* [Required action]: Given the entries below, would you transcribe exactly the lines starting at the one with "House 7 rooms" and ending at the one with "Por qué no lo", both kept, pictures omitted, nothing extra?

* [Study material]:
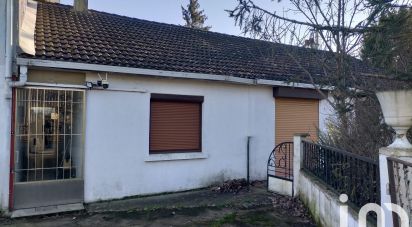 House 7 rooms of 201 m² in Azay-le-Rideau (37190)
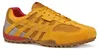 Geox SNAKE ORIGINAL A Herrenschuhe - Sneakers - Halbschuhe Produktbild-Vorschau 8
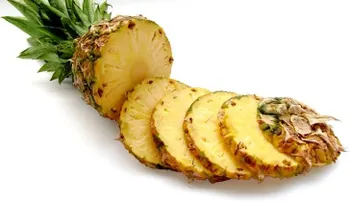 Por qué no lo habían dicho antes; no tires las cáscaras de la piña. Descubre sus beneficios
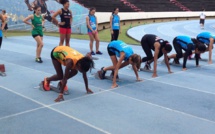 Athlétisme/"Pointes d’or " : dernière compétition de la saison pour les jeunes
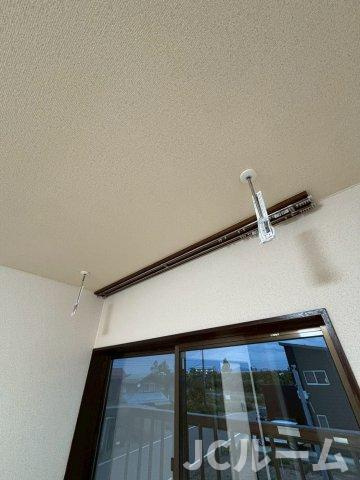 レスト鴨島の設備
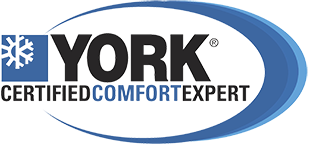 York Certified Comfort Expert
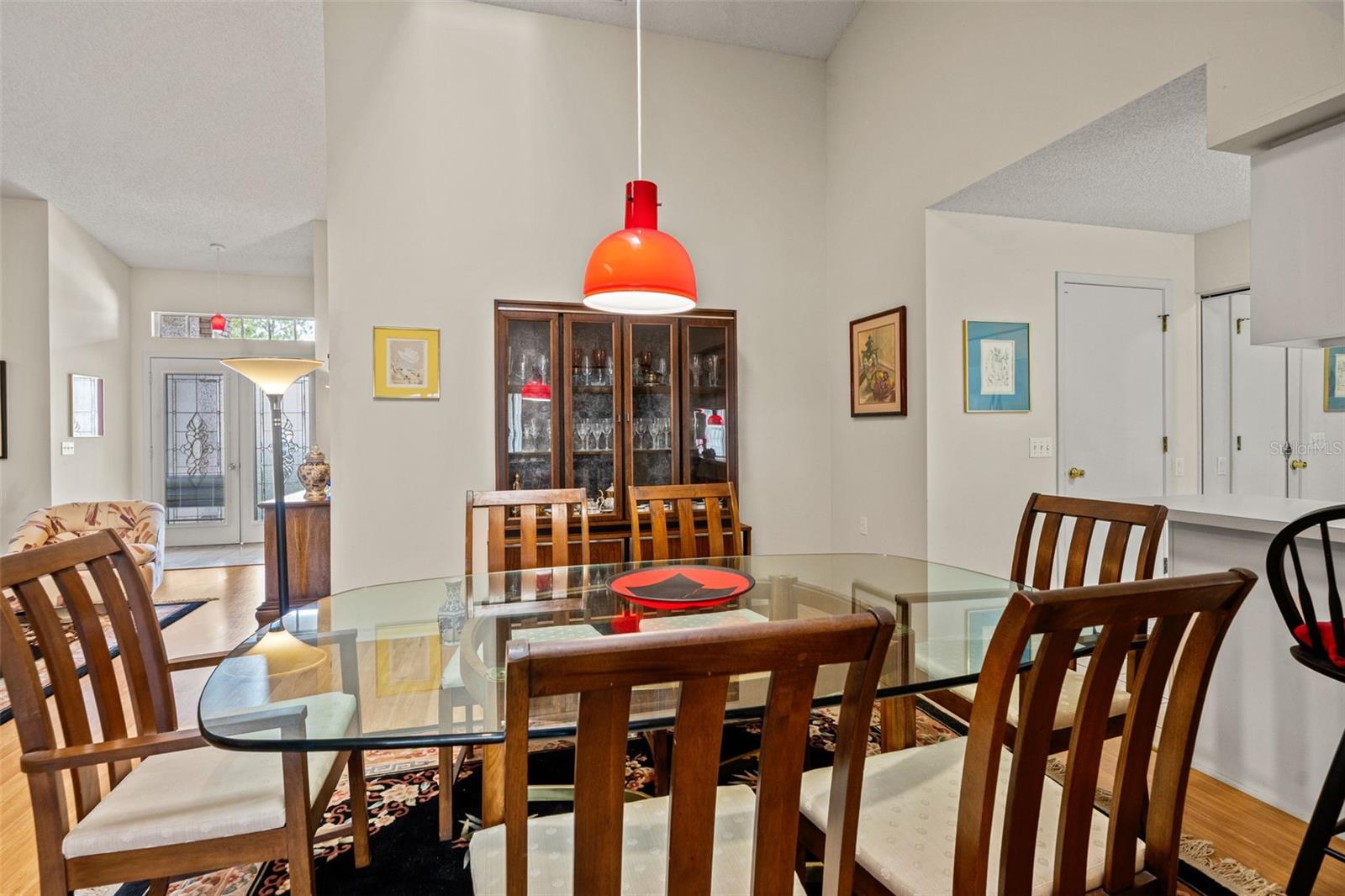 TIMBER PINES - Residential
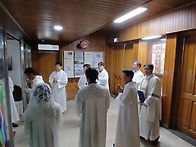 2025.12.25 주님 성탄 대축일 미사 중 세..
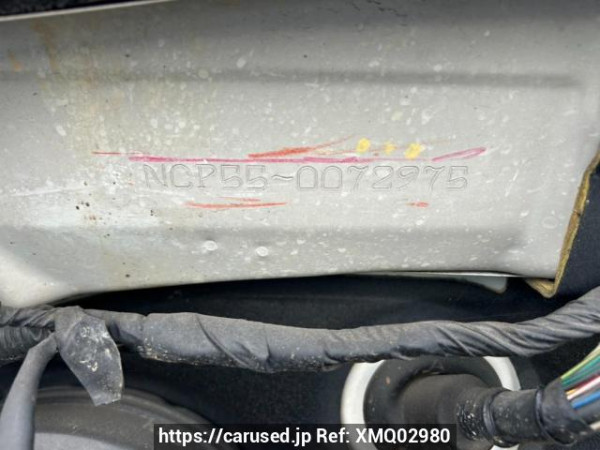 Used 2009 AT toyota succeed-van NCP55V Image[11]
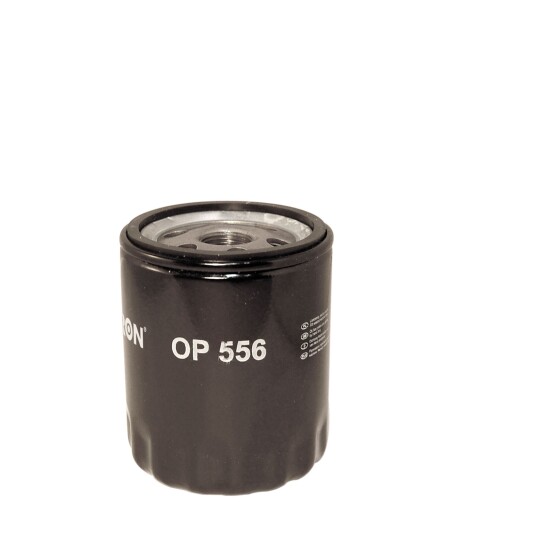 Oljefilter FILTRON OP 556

--

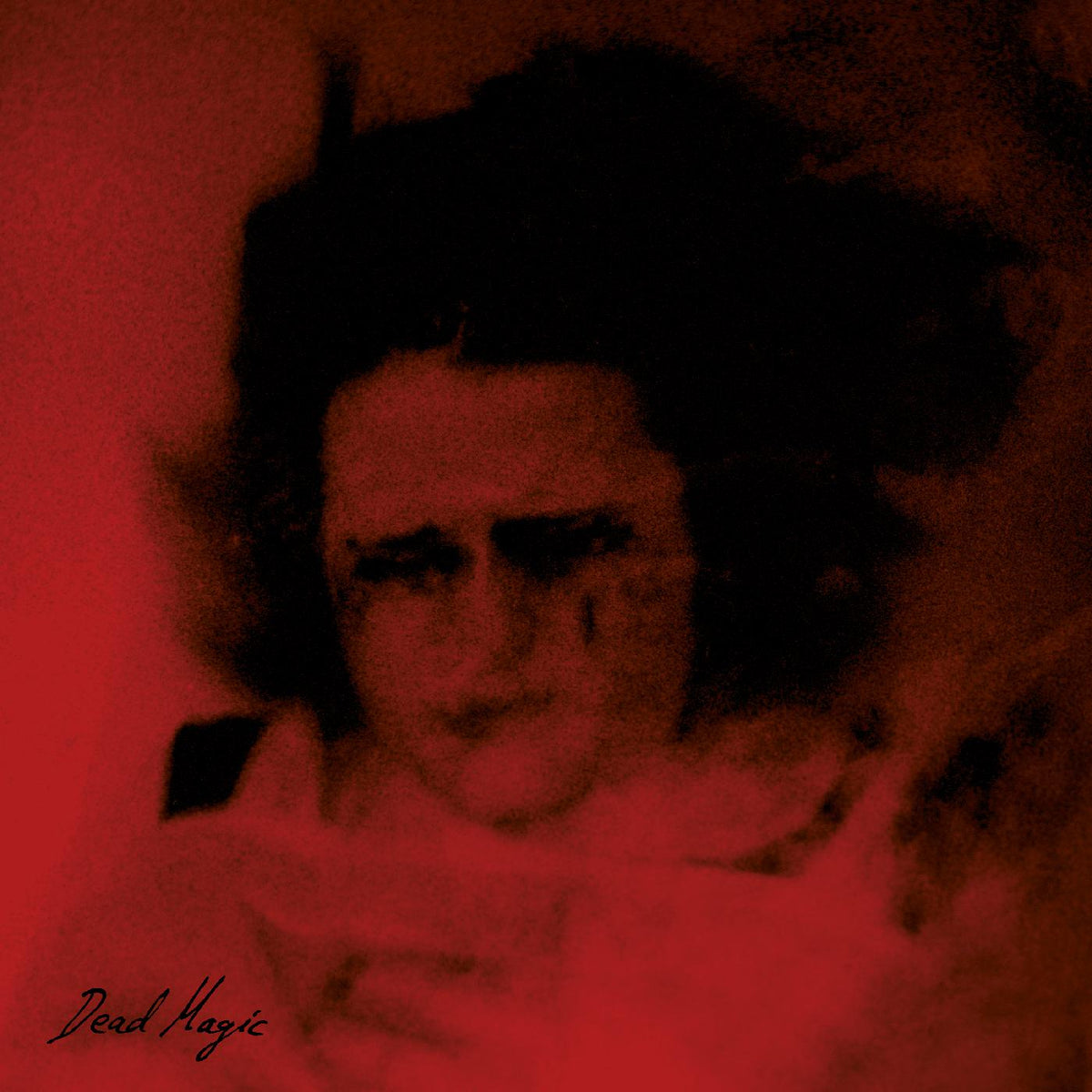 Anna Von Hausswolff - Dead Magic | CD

---

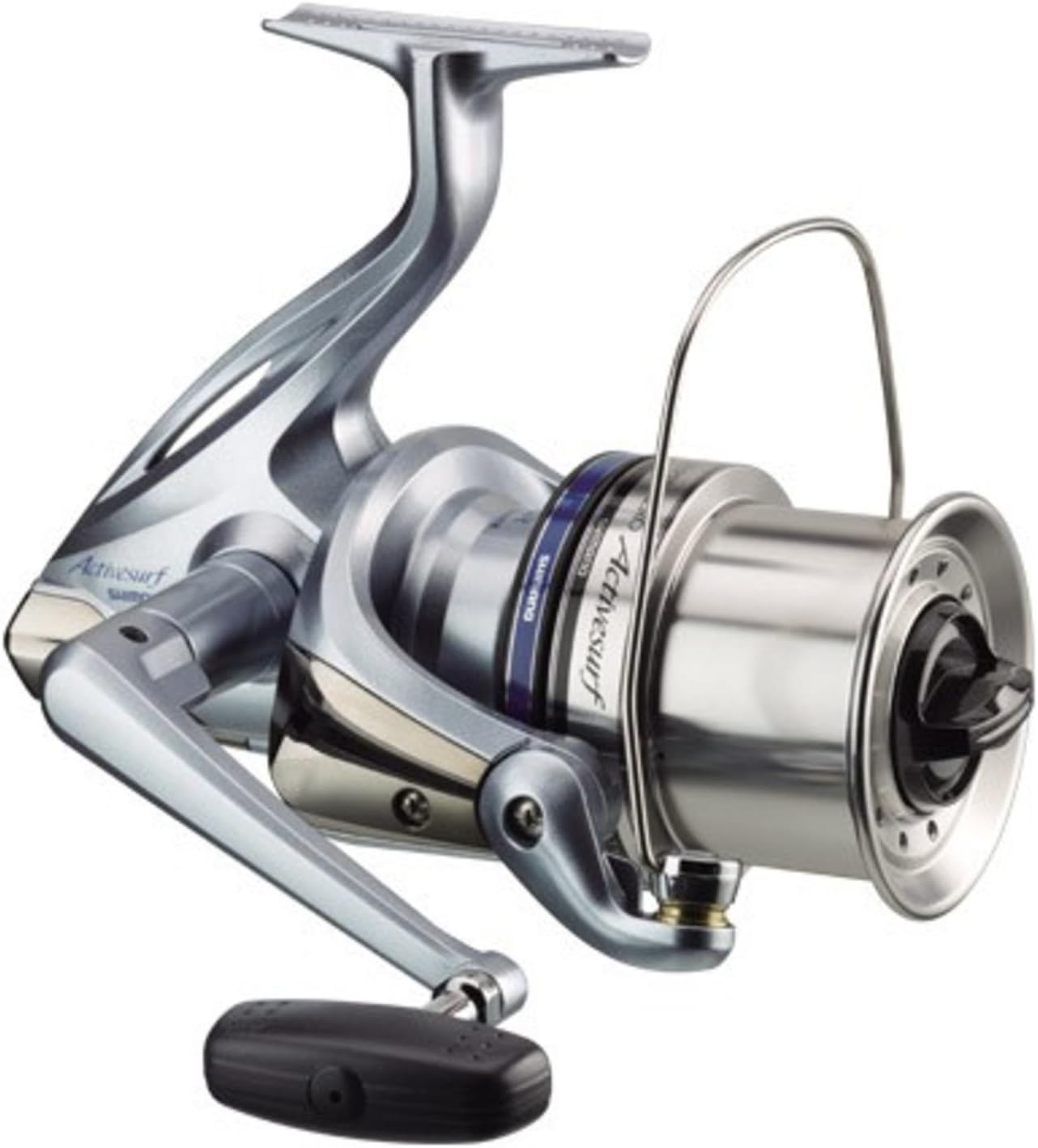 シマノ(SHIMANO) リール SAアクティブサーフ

* [Your response]:
 House 7 rooms of 201 m² in Azay-le-Rideau (37190)
 Geox SNAKE ORIGINAL A Herrenschuhe - Sneakers - Halbschuhe Produktbild-Vorschau 8
 Por qué no lo habían dicho antes; no tires las cáscaras de la piña. Descubre sus beneficios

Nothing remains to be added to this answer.